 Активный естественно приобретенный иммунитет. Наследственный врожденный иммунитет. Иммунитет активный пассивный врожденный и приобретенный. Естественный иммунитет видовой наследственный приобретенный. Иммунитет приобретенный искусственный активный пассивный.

============================================================

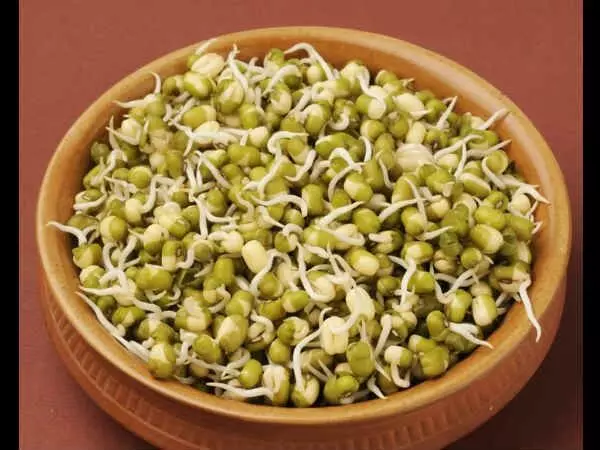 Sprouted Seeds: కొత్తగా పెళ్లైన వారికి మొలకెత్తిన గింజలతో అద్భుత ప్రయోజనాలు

============================================================

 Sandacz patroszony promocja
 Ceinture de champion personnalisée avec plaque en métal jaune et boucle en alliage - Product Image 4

============================================================

• What this task involves: Look above for the line with "Sandacz patroszony promocja" and the line with "Ceinture de champion". Write out those two lines and all the lines between them, exactly, and no others.

• Task solution:
 Sandacz patroszony promocja
 Ceinture de champion personnalisée avec plaque en métal jaune et boucle en alliage - Product Image 4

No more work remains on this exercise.